The Singapore Math® program recently has been in the news in the U.S., Canada and the United Kingdom. Several articles focus on the results of the 2012 Programme for International Student Assessment (PISA) which was released in December.
Can the Singapore method help your children learn maths?
Shortly after the results of the PISA exam were announced in December, BBC Skillwise ran a piece that explained some of the features of math in Singapore:
Singapore teaches maths better than most countries including the UK, according to international rankings for secondary pupils.
The difference starts at an early age.
There are many reasons but one key factor is its step-by-step approach that can be used at home or in the classroom.
Canada urged to demand same standards in education as in hockey
From the Calgary Herald, February 19, 2014: Sliding scores in math, science, literacy spark alarm.
Canada’s former deputy prime minister, John Manley, spoke at a symposium focused on Alberta’s ongoing Inspiring Education during the Sochi Winter Olympics.
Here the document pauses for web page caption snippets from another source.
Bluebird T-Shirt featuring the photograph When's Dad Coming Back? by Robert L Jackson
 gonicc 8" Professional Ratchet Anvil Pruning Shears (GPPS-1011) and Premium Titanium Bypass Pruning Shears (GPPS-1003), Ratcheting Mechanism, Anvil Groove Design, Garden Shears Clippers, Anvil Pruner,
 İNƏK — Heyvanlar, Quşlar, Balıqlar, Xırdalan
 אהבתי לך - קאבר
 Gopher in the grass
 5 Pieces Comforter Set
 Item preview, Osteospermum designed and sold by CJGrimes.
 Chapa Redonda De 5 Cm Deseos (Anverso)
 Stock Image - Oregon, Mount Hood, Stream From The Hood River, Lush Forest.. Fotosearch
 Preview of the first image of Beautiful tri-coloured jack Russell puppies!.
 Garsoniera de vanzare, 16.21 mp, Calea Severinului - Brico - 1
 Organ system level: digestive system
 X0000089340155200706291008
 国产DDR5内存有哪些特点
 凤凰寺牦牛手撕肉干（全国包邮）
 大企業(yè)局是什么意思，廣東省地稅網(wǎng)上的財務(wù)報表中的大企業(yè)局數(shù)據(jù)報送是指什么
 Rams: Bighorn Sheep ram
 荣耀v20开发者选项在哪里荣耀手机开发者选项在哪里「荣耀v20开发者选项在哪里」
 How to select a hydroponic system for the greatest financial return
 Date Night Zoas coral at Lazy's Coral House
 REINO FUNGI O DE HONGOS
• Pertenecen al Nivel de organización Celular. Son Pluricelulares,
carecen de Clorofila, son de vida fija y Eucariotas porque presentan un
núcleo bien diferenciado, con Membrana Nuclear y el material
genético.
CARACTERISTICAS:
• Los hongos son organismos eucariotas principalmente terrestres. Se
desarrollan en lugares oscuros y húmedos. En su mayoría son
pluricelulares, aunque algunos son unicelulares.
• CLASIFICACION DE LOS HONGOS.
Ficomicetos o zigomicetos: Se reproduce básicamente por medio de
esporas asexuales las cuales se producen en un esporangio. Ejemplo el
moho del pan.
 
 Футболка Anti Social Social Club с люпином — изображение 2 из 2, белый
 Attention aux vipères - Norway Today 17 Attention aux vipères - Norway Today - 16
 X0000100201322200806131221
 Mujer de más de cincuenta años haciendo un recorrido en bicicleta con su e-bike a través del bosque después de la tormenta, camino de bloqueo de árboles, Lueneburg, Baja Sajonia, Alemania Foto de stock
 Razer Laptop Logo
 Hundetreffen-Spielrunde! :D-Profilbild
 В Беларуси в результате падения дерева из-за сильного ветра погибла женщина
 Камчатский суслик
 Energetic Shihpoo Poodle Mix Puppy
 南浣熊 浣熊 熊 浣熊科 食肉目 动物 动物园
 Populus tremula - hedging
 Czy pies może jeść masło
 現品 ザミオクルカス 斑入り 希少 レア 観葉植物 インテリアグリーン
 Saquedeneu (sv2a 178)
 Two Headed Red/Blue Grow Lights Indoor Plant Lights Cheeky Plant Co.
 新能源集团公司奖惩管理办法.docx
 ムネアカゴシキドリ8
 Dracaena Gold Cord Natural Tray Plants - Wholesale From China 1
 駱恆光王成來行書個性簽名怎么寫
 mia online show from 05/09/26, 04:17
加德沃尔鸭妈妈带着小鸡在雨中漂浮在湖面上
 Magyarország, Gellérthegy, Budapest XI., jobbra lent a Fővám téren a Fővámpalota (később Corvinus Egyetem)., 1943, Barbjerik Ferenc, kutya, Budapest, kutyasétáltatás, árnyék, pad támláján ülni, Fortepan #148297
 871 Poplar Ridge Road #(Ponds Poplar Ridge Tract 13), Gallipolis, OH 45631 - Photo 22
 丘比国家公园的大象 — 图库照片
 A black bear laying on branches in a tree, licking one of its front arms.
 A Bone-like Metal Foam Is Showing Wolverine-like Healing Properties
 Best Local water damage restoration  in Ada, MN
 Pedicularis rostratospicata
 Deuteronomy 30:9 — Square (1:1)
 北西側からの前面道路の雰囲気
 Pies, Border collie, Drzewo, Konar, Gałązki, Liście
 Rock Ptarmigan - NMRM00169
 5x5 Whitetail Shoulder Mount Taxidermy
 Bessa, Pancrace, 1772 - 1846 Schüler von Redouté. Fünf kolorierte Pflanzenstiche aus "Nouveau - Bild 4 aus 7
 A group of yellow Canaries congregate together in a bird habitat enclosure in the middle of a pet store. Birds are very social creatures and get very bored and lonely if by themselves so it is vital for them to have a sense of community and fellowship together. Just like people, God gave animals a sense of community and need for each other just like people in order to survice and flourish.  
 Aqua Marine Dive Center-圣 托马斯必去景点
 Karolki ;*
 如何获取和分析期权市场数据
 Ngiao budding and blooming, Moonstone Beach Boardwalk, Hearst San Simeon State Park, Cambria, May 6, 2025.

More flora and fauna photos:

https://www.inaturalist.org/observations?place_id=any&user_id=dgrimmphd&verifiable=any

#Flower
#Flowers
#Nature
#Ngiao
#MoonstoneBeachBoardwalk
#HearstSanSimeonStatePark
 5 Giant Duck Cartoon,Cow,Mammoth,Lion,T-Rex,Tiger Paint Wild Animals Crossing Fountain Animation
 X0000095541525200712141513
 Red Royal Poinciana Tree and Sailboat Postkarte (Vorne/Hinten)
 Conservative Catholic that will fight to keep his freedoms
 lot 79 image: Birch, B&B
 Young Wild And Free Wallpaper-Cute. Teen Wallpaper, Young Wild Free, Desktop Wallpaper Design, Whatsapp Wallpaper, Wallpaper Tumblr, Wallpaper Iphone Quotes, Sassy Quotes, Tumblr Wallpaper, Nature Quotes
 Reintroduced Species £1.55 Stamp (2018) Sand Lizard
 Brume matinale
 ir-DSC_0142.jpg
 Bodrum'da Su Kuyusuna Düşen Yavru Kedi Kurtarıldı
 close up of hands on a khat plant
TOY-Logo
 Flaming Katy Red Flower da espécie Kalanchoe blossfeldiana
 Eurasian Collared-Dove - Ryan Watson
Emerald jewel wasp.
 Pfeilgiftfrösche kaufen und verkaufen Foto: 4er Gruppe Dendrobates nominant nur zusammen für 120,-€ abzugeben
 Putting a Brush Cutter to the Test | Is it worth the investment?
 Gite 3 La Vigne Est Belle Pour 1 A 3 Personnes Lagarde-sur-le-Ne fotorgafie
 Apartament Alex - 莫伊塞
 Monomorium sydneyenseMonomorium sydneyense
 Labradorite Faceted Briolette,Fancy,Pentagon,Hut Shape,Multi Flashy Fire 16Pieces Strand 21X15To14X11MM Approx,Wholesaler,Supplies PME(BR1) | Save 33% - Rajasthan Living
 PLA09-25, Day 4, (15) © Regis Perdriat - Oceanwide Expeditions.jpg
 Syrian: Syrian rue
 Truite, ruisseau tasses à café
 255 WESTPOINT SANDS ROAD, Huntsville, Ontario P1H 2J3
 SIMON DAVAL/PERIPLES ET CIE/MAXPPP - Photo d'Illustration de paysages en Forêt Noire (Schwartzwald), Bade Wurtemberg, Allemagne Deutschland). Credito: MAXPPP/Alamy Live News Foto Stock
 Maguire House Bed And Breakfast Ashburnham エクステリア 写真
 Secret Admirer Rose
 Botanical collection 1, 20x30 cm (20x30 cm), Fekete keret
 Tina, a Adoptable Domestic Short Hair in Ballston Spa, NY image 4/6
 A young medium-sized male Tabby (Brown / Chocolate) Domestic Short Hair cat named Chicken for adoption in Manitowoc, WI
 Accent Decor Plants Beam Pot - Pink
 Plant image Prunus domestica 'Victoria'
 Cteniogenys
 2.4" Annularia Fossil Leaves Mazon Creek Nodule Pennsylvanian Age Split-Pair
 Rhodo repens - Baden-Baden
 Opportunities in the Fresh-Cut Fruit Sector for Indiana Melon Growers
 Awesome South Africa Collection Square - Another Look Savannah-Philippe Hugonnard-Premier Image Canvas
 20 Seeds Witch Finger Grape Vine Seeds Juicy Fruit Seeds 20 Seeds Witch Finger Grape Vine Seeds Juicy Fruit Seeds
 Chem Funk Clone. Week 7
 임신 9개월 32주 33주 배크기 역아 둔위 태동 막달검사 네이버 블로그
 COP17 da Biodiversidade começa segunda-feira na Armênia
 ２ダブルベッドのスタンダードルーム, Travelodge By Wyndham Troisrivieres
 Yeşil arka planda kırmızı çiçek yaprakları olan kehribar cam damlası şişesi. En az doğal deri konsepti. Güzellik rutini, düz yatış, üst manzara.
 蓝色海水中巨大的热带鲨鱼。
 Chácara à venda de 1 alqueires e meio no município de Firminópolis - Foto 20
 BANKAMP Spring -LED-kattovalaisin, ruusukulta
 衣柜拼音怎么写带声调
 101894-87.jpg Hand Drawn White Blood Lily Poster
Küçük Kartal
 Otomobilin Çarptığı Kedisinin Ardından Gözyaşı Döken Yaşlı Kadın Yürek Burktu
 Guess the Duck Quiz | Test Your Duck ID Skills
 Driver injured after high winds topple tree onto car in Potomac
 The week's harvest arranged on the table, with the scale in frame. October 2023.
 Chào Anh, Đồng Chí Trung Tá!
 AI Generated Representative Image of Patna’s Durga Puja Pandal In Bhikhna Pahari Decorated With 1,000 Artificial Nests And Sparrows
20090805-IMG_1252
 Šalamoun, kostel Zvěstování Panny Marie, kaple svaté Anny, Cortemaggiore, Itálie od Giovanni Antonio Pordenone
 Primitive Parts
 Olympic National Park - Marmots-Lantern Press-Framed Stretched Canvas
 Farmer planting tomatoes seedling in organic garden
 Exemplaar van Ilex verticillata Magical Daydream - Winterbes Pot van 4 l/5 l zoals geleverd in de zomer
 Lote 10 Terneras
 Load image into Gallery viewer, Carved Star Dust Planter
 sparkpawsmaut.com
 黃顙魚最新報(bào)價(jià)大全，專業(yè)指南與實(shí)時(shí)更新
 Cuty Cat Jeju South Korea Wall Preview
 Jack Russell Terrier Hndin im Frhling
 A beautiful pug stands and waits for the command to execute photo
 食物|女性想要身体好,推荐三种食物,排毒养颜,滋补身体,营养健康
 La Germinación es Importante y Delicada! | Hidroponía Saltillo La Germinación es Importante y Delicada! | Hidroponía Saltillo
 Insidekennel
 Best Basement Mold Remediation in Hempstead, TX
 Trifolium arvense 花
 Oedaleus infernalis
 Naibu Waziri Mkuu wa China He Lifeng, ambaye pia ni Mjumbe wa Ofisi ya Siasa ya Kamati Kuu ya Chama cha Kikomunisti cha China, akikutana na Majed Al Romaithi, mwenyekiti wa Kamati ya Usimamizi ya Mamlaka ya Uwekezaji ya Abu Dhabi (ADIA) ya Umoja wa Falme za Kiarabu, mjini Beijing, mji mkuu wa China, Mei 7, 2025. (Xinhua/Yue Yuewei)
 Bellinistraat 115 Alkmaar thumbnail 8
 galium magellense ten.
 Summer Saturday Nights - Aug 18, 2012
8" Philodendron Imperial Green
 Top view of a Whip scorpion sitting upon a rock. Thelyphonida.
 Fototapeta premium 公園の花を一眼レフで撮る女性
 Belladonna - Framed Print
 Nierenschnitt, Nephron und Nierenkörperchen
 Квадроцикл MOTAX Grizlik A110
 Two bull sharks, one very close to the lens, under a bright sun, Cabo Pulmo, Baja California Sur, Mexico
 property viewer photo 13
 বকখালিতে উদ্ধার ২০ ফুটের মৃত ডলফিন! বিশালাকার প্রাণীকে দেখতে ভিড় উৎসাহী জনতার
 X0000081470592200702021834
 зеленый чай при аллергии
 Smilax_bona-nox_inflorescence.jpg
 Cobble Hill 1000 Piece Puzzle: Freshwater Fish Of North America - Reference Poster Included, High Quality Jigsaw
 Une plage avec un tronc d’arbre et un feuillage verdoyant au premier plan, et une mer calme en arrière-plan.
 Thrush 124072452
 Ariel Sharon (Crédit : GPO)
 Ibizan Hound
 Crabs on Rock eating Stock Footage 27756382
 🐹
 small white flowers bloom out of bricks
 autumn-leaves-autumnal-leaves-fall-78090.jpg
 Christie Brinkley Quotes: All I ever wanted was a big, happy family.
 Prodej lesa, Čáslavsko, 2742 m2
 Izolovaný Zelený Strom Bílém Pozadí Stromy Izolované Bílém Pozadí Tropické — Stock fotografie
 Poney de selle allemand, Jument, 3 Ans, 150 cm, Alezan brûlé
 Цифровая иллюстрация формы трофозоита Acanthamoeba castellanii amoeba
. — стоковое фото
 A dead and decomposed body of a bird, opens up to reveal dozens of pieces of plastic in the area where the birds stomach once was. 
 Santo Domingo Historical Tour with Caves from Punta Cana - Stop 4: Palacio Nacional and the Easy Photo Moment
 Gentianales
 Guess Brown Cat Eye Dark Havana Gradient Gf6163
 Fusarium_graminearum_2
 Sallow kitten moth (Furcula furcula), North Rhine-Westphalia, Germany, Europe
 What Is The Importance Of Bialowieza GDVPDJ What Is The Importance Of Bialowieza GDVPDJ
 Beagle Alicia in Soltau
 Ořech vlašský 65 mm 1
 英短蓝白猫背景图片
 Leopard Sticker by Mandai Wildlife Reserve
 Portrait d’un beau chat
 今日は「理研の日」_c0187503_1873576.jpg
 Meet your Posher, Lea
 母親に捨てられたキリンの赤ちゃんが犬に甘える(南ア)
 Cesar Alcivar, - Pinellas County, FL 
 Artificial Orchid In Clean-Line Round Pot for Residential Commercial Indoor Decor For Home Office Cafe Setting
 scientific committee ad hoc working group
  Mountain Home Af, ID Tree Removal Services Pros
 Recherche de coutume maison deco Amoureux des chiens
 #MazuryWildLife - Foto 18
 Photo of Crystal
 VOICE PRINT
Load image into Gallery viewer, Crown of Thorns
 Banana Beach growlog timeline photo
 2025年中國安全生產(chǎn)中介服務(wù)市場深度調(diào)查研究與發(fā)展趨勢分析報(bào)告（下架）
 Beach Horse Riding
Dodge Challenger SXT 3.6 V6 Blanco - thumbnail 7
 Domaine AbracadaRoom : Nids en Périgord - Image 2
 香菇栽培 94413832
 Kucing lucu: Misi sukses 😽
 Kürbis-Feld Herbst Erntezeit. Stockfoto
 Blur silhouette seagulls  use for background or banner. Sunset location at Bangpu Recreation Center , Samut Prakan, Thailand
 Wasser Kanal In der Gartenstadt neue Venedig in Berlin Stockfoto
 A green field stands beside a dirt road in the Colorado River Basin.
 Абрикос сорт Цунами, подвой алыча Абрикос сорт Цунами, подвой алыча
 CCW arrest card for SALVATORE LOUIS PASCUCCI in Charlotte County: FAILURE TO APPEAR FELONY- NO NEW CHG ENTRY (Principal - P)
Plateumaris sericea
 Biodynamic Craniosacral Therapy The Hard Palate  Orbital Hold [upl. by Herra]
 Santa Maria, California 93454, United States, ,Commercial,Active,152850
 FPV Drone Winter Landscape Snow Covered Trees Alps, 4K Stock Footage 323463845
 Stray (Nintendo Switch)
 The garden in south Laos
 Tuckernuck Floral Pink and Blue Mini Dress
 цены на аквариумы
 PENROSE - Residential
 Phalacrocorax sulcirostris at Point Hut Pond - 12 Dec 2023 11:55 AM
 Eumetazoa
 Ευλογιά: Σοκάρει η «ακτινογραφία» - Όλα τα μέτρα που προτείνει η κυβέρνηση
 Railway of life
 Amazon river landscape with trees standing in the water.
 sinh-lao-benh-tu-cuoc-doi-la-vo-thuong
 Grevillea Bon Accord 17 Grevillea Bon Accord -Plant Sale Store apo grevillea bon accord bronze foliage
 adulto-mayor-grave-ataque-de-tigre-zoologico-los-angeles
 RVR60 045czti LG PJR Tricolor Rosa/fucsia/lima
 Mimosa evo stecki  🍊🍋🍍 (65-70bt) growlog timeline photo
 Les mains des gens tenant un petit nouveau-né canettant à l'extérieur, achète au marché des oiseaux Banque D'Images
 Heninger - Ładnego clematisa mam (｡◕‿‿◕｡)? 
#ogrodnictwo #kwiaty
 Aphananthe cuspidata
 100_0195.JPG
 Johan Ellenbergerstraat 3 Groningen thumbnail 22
Manley, who now serves as president and CEO of the Canadian Council of Chief Executives, asked:
“How can we be satisfied with 13th place in math when we’re not satisfied with second place in hockey?”
Whitby school borrows ‘world-best’ teaching methods
The Toronto Star reports that students at the Trafalgar Castle School in Whitby, Ontario, are learning math the Singapore way.
Headmaster Adam de Pencier is pursuing the “world best” curriculum by cherry-picking the leading teaching methods from around the globe:
“If we believe curriculum drives a school, shouldn’t we try to choose the best curriculum, whether it’s from Whitby, Walla Walla, or Wellington?” asked de Pencier, who had math teacher Jessica Semkin train in Singapore math last summer.
Semkin said the Singapore approach “slows down the pace of learning to make sure there is a mastery of skills. With Singapore math, we spent about two weeks on multiplying fractions, instead of a day or two, and then coming back to it later.”
Gill St. Bernard school receives a visit from Singapore math leader
Nine years ago, Gill St. Bernard School piloted the Singapore Math® curriculum in second grade. It quickly expanded; by 2005, the curriculum was in use throughout the Lower and Middle school.
When Lower School Director Peggy Campbell-Rush visited Singapore in 2012, she met Yeap Ban Har, Ph.D, an internationally recognized Singapore math leader. On April 16, 2014, Dr. Ban Har visited Gill St. Bernard School to conduct professional development for the school’s K-6 teachers.
Finally, an OPINION piece that urges consideration of a more rigorous math curricula such as that used in Singapore:
Save kids from Fuzzy Math
A February 3, 2014, New York Post Opinion piece by Naomi Schaefer Riley, includes this revelation:
The education establishment frowns on anything so simple as adopting the methods of high-performing countries…[I]t insists we spend decades and millions of dollars to evaluate each one.